Moreover, other risks and uncertainties of which Jazz Pharmaceuticals are not currently aware may also affect each of the forward-looking statements and may cause actual results and the timing of events to differ materially from those anticipated. Investors are cautioned that forward-looking statements are not guarantees of future performance. The forward-looking statements made in this communication are made only as of the date hereof or as of the dates indicated in the forward-looking statements and reflect the views stated therein with respect to future events as at such dates, even if they are subsequently made available by Jazz Pharmaceuticals on its websites or otherwise. Jazz Pharmaceuticals undertakes no obligation to update or supplement any forward-looking statements to reflect actual results, new information, future events, changes in its expectations or other circumstances that exist after the date as of which the forward-looking statements were made.

No Offer Or Solicitation

This communication is not intended to and shall not constitute an offer to buy or sell or the solicitation of an offer to buy or sell any securities, or a solicitation of any vote or approval, nor shall there be any offer, solicitation or sale of securities in any jurisdiction in which such offer, solicitation or sale would be unlawful prior to registration or qualification under the securities laws of any such jurisdiction.
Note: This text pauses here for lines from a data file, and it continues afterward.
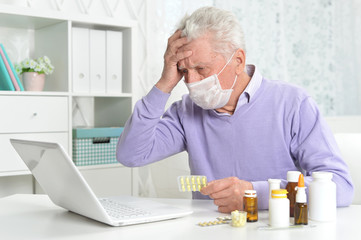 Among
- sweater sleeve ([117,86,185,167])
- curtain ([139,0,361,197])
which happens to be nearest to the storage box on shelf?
curtain ([139,0,361,197])

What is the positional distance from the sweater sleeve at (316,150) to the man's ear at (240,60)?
232 mm

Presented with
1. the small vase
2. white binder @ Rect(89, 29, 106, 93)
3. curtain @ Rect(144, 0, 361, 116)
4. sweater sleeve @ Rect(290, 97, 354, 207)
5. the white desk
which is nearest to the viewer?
the white desk

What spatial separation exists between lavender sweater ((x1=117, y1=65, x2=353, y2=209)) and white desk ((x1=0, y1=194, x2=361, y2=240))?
322 millimetres

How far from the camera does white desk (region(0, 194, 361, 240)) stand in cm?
98

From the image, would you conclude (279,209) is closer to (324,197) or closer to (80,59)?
(324,197)

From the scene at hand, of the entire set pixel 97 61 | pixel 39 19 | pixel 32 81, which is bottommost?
pixel 32 81

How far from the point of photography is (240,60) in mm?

No offer of securities shall be made in the United States absent registration under the U.S. Securities Act of 1933, as amended (the “Securities Act”), or pursuant to an exemption from, or in a transaction not subject to, such registration requirements. The Jazz Pharmaceuticals securities to be delivered in the proposed transaction are anticipated to be delivered in reliance upon an available exemption from such registration requirements pursuant to Section 3(a)(10) of the Securities Act.